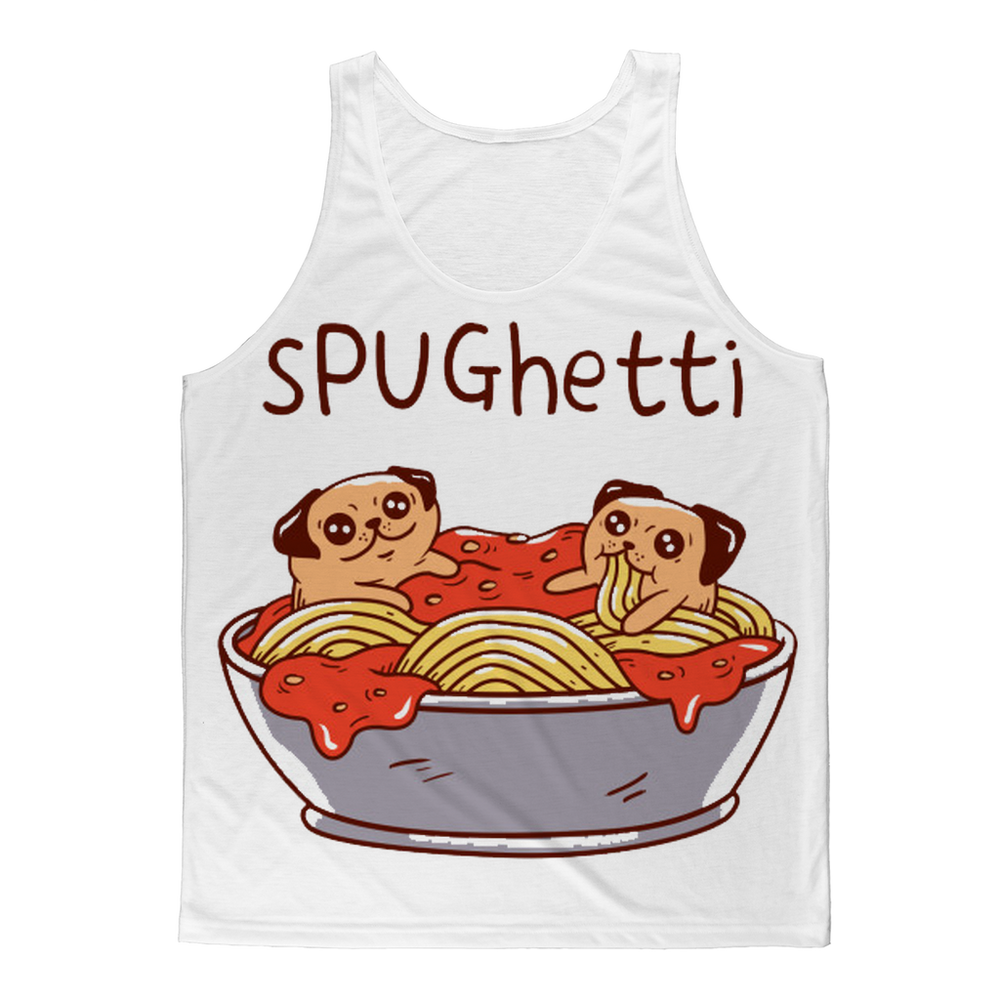VIRGIN TEEZ Tank Top XS sPUGhetti Classic Sublimation Adult Tank Top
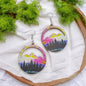 Stunning Western Dangle Earrings – Handcrafted Boho Style, Stainless Steel & Wood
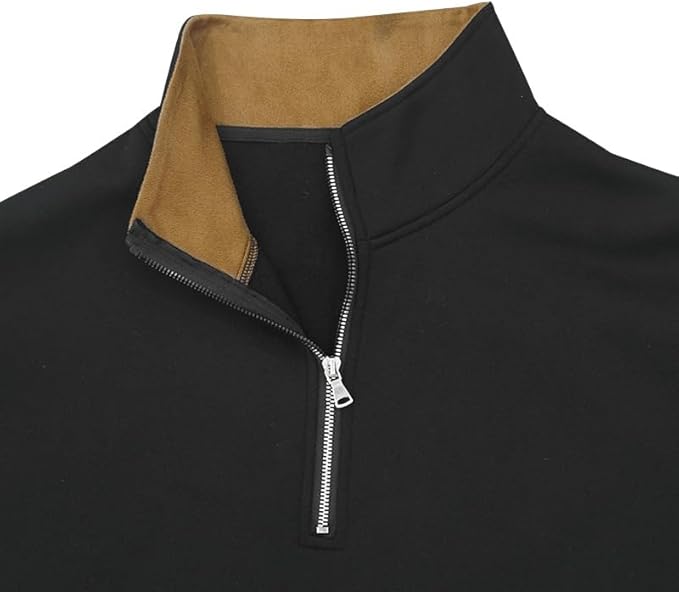 Men's Pullover Thermal Lined Long Sleeve Sweatshirt Winter Warm Casual Style for Vacation Travel Daily Comfort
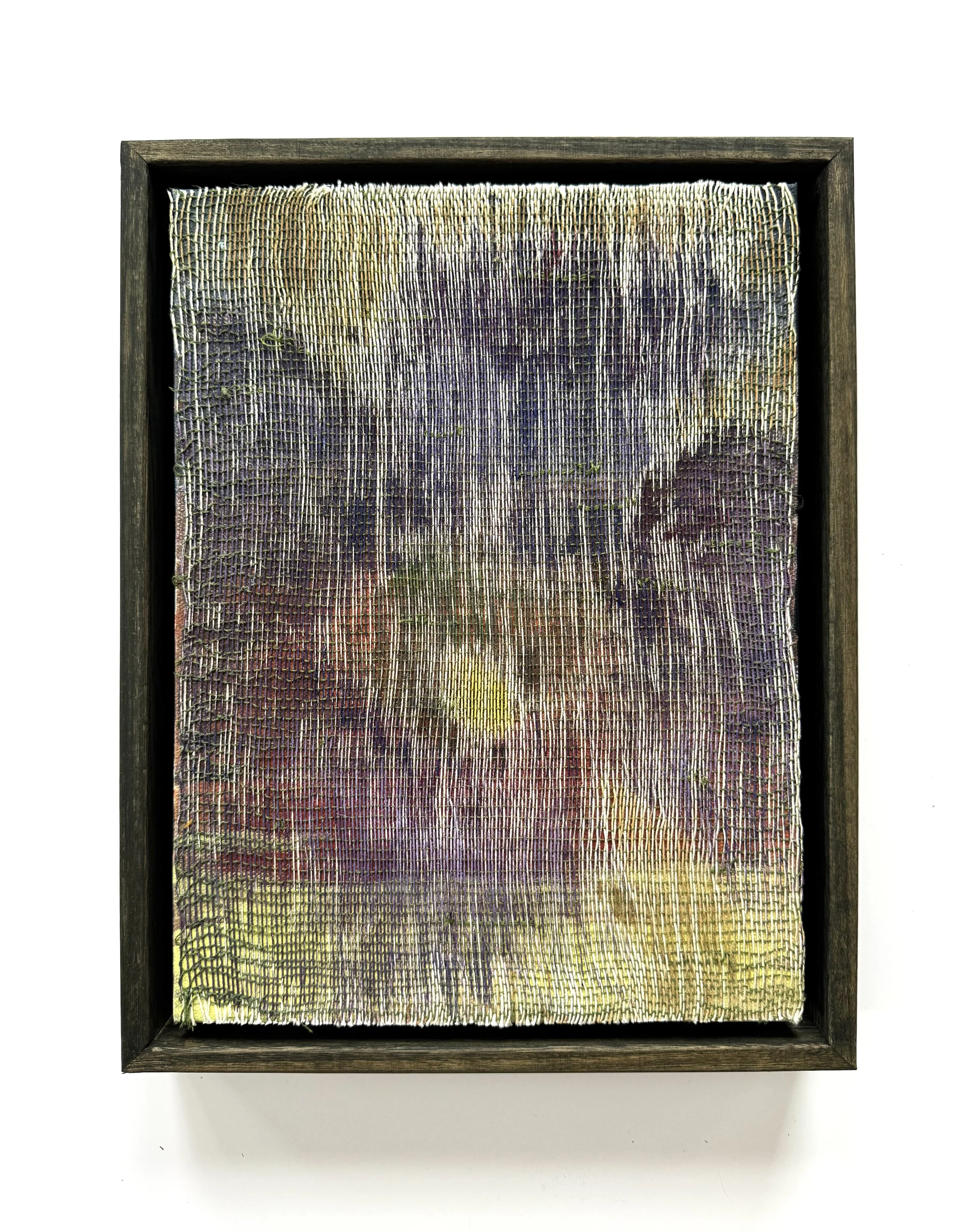 Fringed Gentian with Landscape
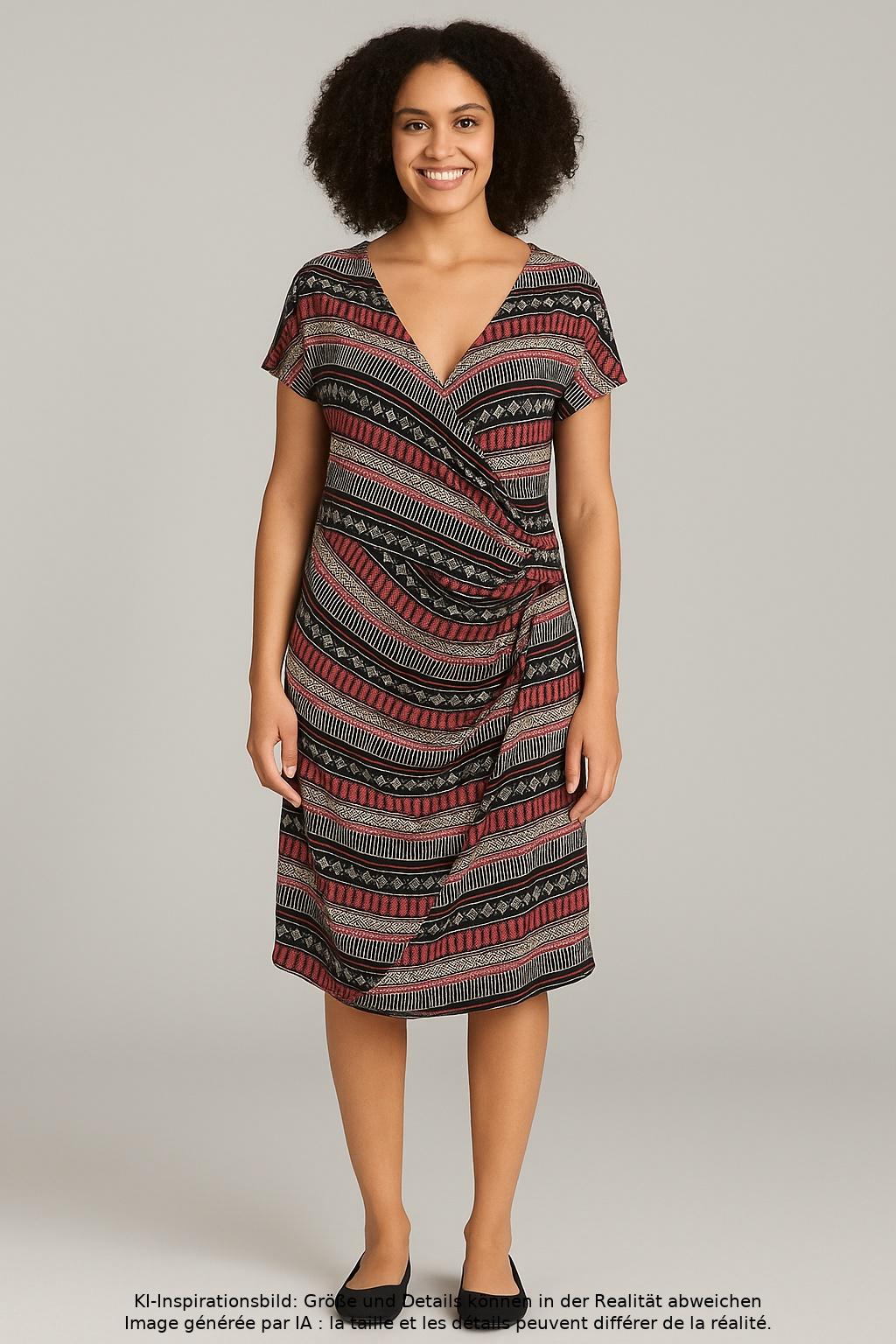 

Charles Vögele Damen Kleid, mehrfarbig, Gr. 40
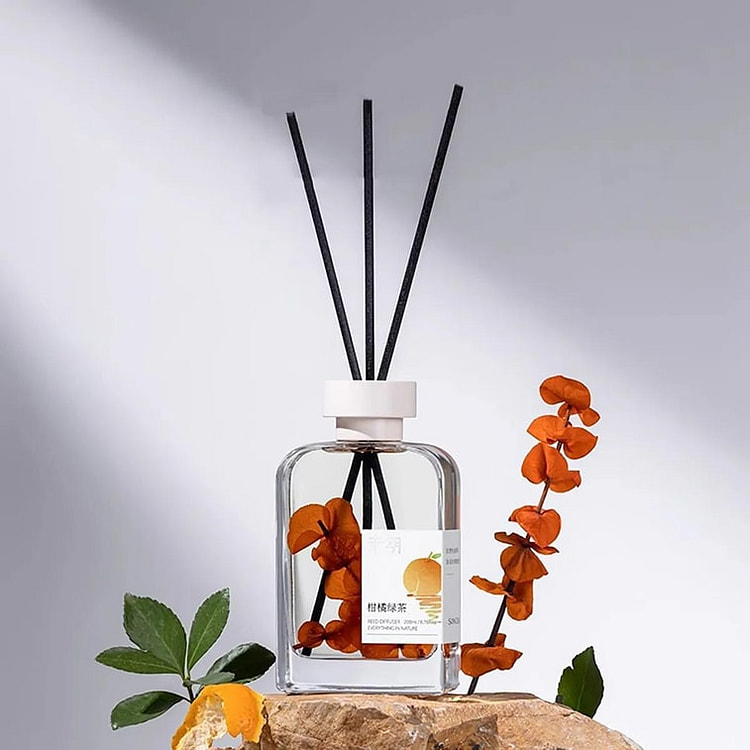 宋朝 自然万物系列无火香薰 空气清新香膏精油香 升级款柑橘绿茶 200ml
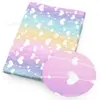 Corazón Colorido Cuadros Flor Digital Impresión Poliéster Algodón Delgado o Tela Impermeable DIY Bolsa Mantel Ropa 1Yc74847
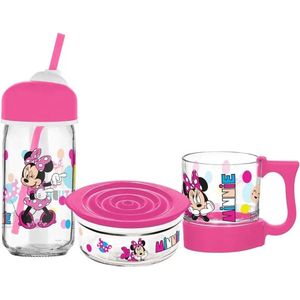 Minnie Mouse - Minnie Mouse 3 delige set (glas)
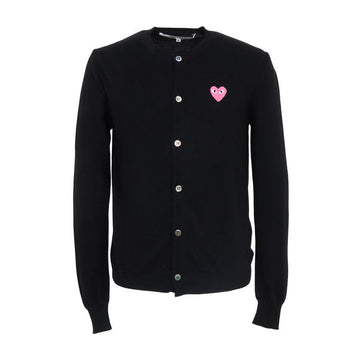 Comme Des Garcons Cardigan with Pink Patch AX N098 051 1 (Unisex) 160331310 [P]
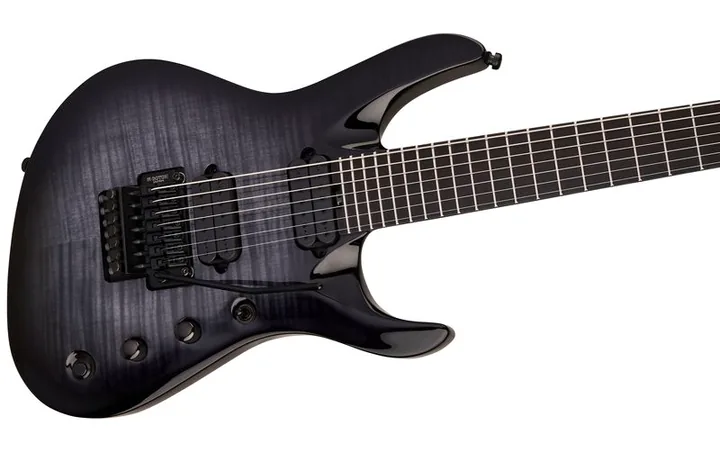 Jackson Pro Chris Broderick SL6 FR FM, curvas del cuerpo vistas desde arriba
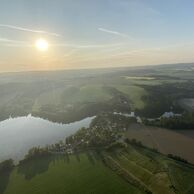Tereza Pátková (Kostelec nad Černými lesy, 22) na lete balónom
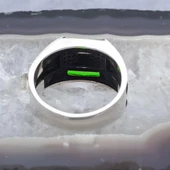 Baget Yeşil Taşlı 925 Gümüş Erkek Yüzük thumbnail 7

----------------

**EXERCISE REQUIREMENTS**
Nothing but the lines from the one that contains "Stunning Western Dangle" through the last line of the records belongs in the answer, reproduced exactly, with no pictures.

**EXERCISE SOLUTION**
 Stunning Western Dangle Earrings – Handcrafted Boho Style, Stainless Steel & Wood
 Men's Pullover Thermal Lined Long Sleeve Sweatshirt Winter Warm Casual Style for Vacation Travel Daily Comfort
 Fringed Gentian with Landscape

Charles Vögele Damen Kleid, mehrfarbig, Gr. 40
 宋朝 自然万物系列无火香薰 空气清新香膏精油香 升级款柑橘绿茶 200ml
 Corazón Colorido Cuadros Flor Digital Impresión Poliéster Algodón Delgado o Tela Impermeable DIY Bolsa Mantel Ropa 1Yc74847
 Minnie Mouse - Minnie Mouse 3 delige set (glas)
 Comme Des Garcons Cardigan with Pink Patch AX N098 051 1 (Unisex) 160331310 [P]
 Jackson Pro Chris Broderick SL6 FR FM, curvas del cuerpo vistas desde arriba
Tereza Pátková (Kostelec nad Černými lesy, 22) na lete balónom
 Baget Yeşil Taşlı 925 Gümüş Erkek Yüzük thumbnail 7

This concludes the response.